Engineers and lawyers and government agencies will be debating the details for years, but I guess my takeaway was that the more we know the better, but that we can never know everything as well as we might want. Especially in hindsight. High bluffs and barrier beaches and floodplains are created and maintained by natural disasters. That doesn't mean we can't build on them, but maybe as a society we have to do more to educate ourselves about the risks.
Two miles downstream, you wouldn't know what happened less than a year ago.
Showboat Beach
For years, the old Showboat Theater floated along Portage Bay, in the midst of the oceanography and fisheries buildings, but by the 1990s, I guess they were afraid it would sink - or maybe it actually had sunk?
The old showboat went away and it was replaced by a small park and a beach, just down the hill from the South Campus Center. It's a nice place for students to hang out on nice sunny days - so it was empty on this visit.
AERIAL VIEW
I took advantage of a break at the Landslide Forum (Seattle Times article) to wander down with my coffee to see how the beach was doing. It's doing okay. I suppose it's a pretty confusing place to be a beach - a little bit of wind wave action from the south and a constant stream of boat wakes - and then add to that the strange plumbing of the Lake Washington system, which maintains higher water levels in the summer and lower ones in the winter (thus the wider beach in this photo).
Dickman Mill
This mill in Tacoma's Old Town was the last of the lumber mills along Ruston Way to close. It shut down in 1977 and burned down in 1979.
In the late 1990s, Tacoma Parks developed a plan to clean up the site and turn it into a park. It required sifting through issues of remediation, wetlands, public access and recreation, ecological restoration, and historic preservation (and probably many others, too). Which wasn't easy, but was eventually successful.
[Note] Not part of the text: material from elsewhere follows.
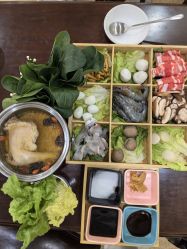-上海百佳母婴护理中心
The concept envisioned a beach and an estuarine marshand it was tricky to figure out how to configure this given the geometry of the old site, but the design actually ended up taking advantage of the historic footprint. The beach is a swash-aligned pocket beach, constrained by the concrete foundation of the mill. The tidal lagoon fills and empties through an inlet that runs through the old structure, which reduces the likelihood that sediment clogs the inlet (an early idea was to create an inlet in the beach itself, but there was no way to make this work without extensive maintenance).
AERIAL VIEW
To see what this site once looked like, check out the Tacoma Library collection:
Dickman Mill, 1948
The old field of piles still lies offshore. The base of the old cone burner is a weird lagoon at high tide. The backshore has filled up with wood debris. and the estuary seems to be doing pretty well (as often the case, it took a while for the vegetation to get established). On the other hand, the park (completed in 2000) looked like it needed some work. Some of the concrete walkaways were having to be repaired and blackberry was taking over the fringes of the marsh.
Saturday, March 07, 2015
South Beach
February was just one sunny weekend after another! On Sunday, three weeks ago, M and I headed up to San Juan Island for the day. Tough day.
San Juan is mainly bedrock, so beaches are scattered and usually fairly small. But at Cattle Point a thick pile of gravel has been eroding for centuries, spreading itself along the shore to form this beautiful long beach.
AERIAL VIEW
The beach faces across the Strait of Juan de Fuca towards the Olympic Mountains - a little hazy on this particular day. The back beach is probably one of the larger accumulations of drift wood on the Salish Sea.